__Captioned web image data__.
+ + + +

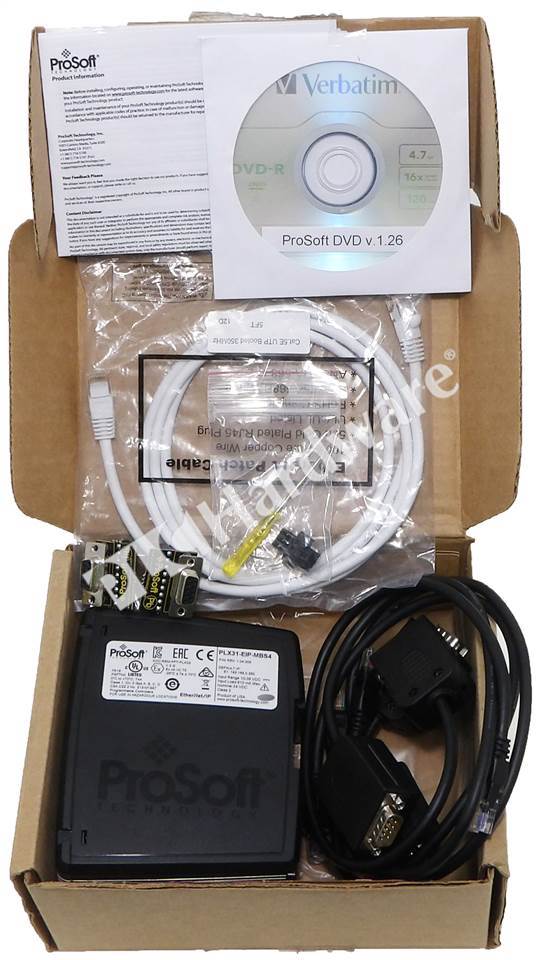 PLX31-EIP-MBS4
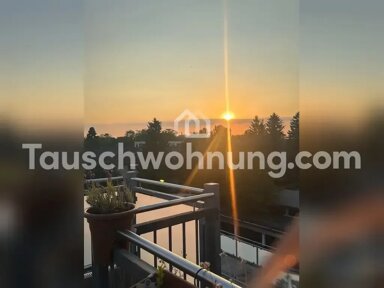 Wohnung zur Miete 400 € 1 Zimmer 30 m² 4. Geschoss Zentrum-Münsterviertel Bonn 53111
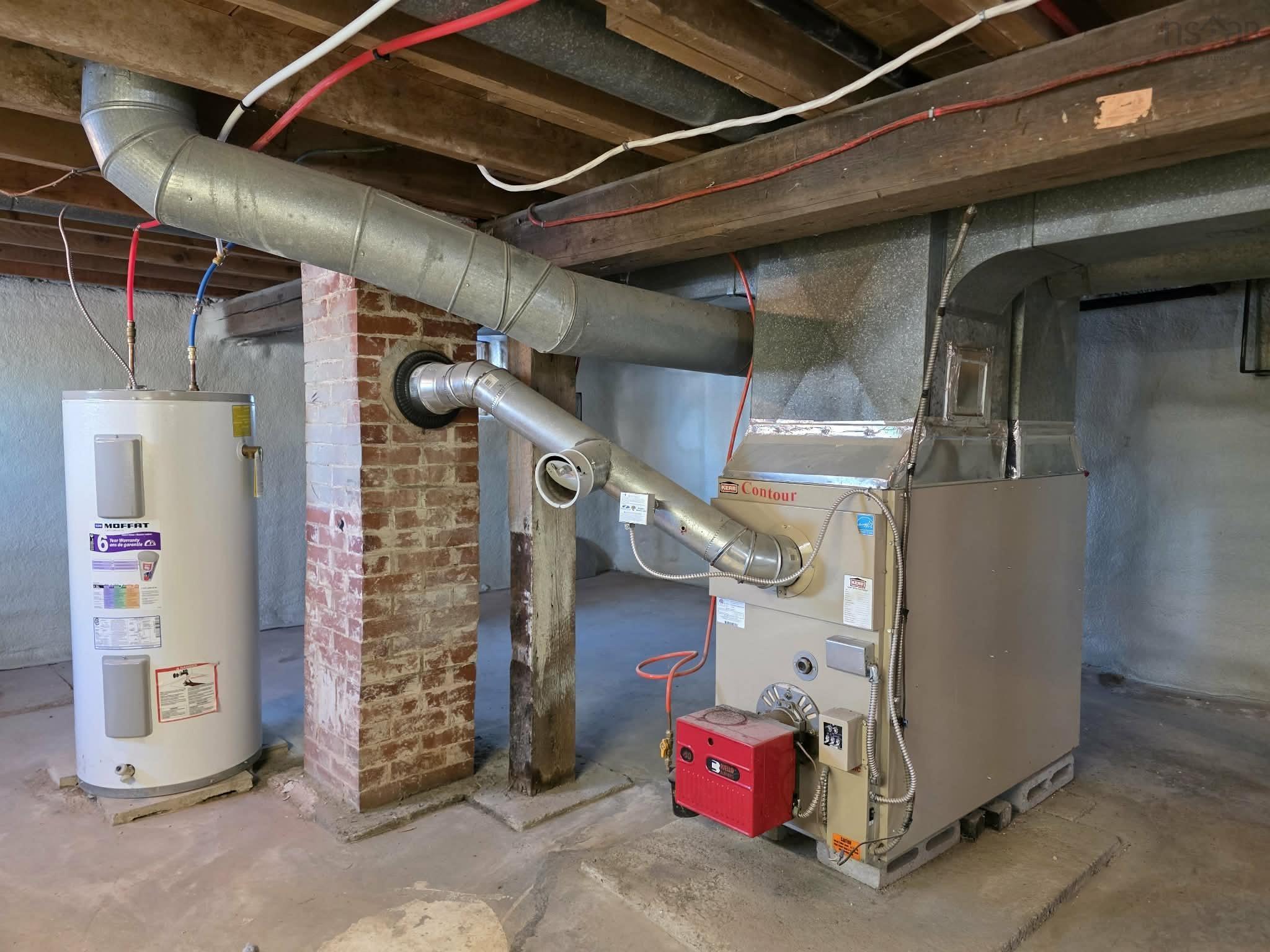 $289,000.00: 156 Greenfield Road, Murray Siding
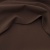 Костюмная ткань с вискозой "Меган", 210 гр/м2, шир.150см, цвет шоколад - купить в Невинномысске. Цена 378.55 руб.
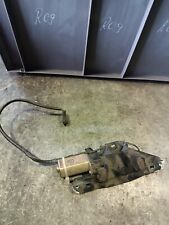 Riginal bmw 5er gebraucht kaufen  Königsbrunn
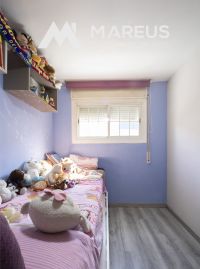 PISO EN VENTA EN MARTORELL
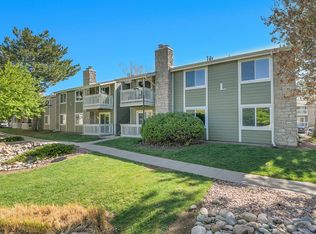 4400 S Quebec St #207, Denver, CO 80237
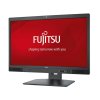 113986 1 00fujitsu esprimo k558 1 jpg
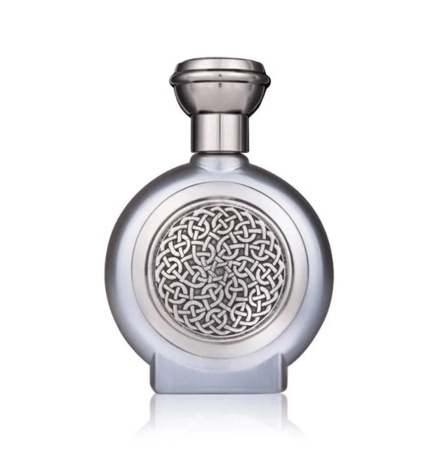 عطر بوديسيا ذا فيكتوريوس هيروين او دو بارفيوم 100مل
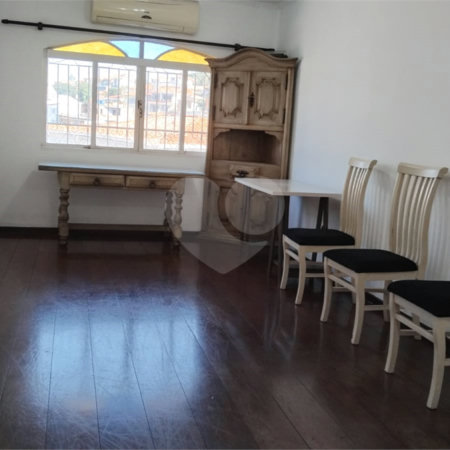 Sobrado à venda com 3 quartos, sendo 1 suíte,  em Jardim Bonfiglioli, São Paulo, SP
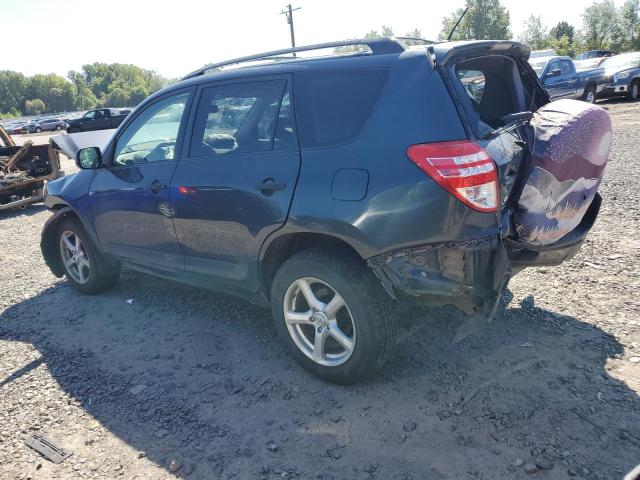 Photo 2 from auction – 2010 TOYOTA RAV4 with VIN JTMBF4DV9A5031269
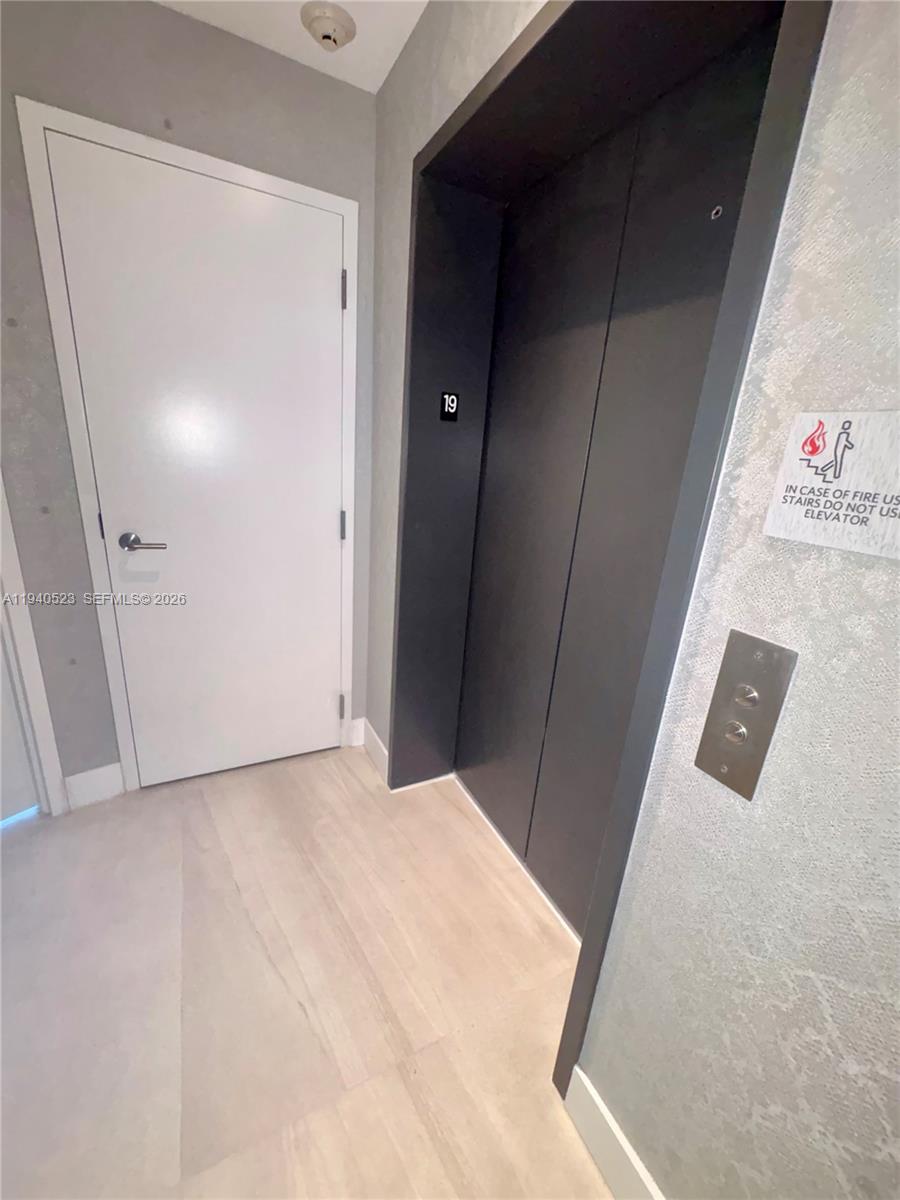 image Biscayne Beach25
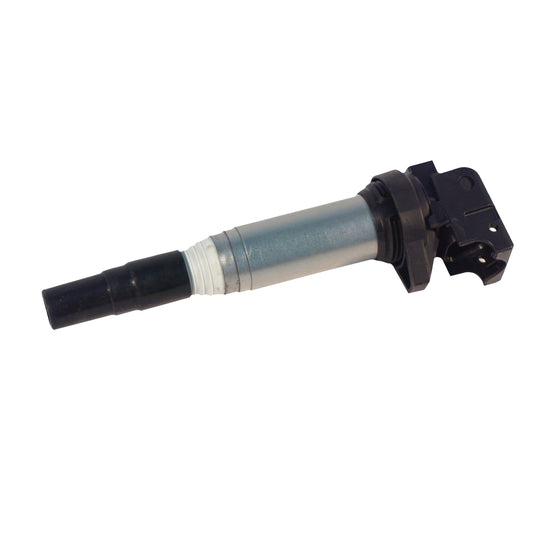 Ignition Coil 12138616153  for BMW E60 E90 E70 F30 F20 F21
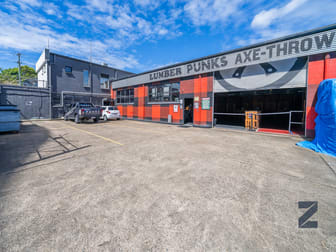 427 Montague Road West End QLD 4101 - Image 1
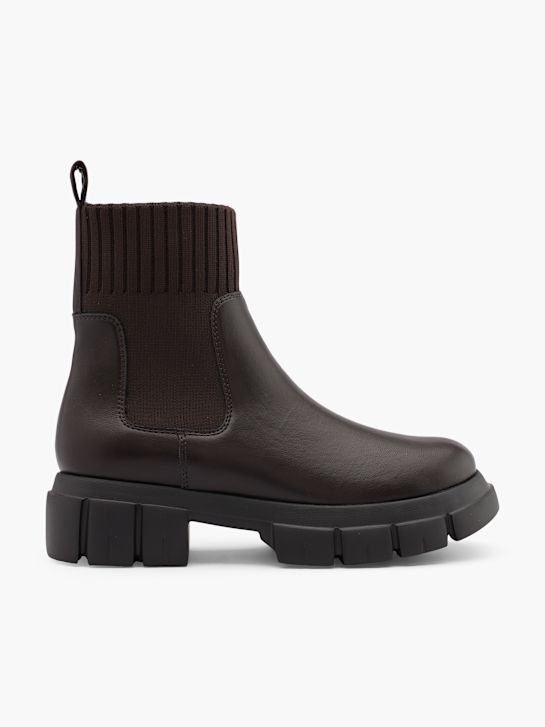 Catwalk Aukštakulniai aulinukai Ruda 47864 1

+ + + +

__AIM OF THE TASK__.
Above are the records; return them exactly, minus the pictures.

__REPLY__.
 PLX31-EIP-MBS4
 Wohnung zur Miete 400 € 1 Zimmer 30 m² 4. Geschoss Zentrum-Münsterviertel Bonn 53111
 $289,000.00: 156 Greenfield Road, Murray Siding
 Костюмная ткань с вискозой "Меган", 210 гр/м2, шир.150см, цвет шоколад - купить в Невинномысске. Цена 378.55 руб.
 Riginal bmw 5er gebraucht kaufen  Königsbrunn
 PISO EN VENTA EN MARTORELL
 4400 S Quebec St #207, Denver, CO 80237
 113986 1 00fujitsu esprimo k558 1 jpg
 عطر بوديسيا ذا فيكتوريوس هيروين او دو بارفيوم 100مل
 Sobrado à venda com 3 quartos, sendo 1 suíte,  em Jardim Bonfiglioli, São Paulo, SP
 Photo 2 from auction – 2010 TOYOTA RAV4 with VIN JTMBF4DV9A5031269
 image Biscayne Beach25
 Ignition Coil 12138616153  for BMW E60 E90 E70 F30 F20 F21
 427 Montague Road West End QLD 4101 - Image 1
 Catwalk Aukštakulniai aulinukai Ruda 47864 1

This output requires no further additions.